Dataset extract:
----------

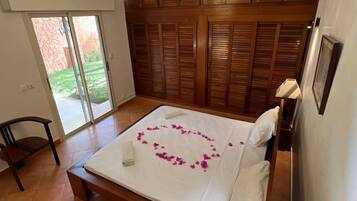 Iron/ironing board, free WiFi, bed sheets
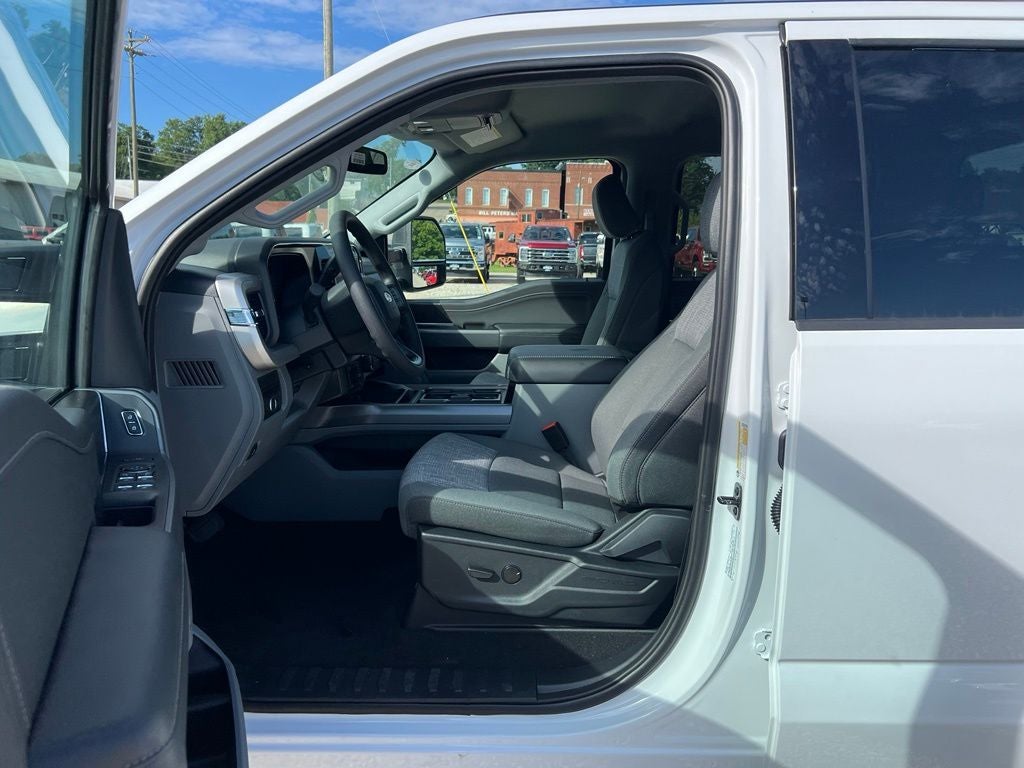 2026 Ford F-350 XLT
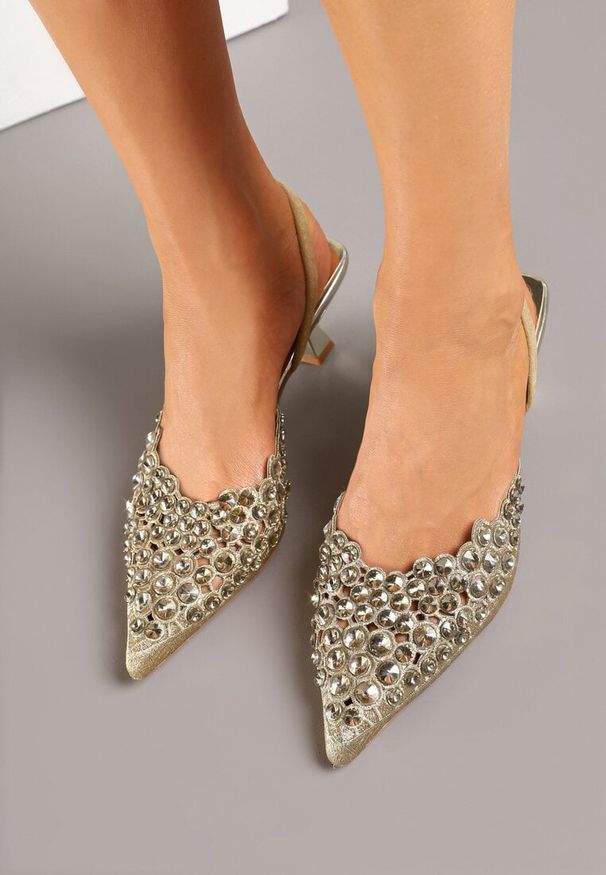 Born2be - Złote Sandały na Kaczuszce z Cyrkoniami Lenoriel. Okazja: na co dzień. Kolor: złoty. Materiał: len. Sezon: lato. Obcas: na szpilce. Styl: casual, elegancki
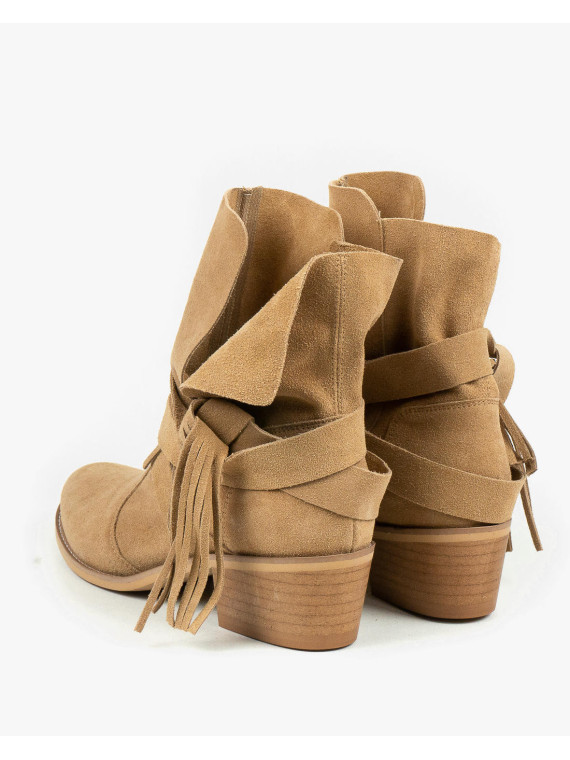 Beżowe botki damskie skórzane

----------

Write the listing out a second time exactly, dropping all images.

 Iron/ironing board, free WiFi, bed sheets
 2026 Ford F-350 XLT
 Born2be - Złote Sandały na Kaczuszce z Cyrkoniami Lenoriel. Okazja: na co dzień. Kolor: złoty. Materiał: len. Sezon: lato. Obcas: na szpilce. Styl: casual, elegancki
 Beżowe botki damskie skórzane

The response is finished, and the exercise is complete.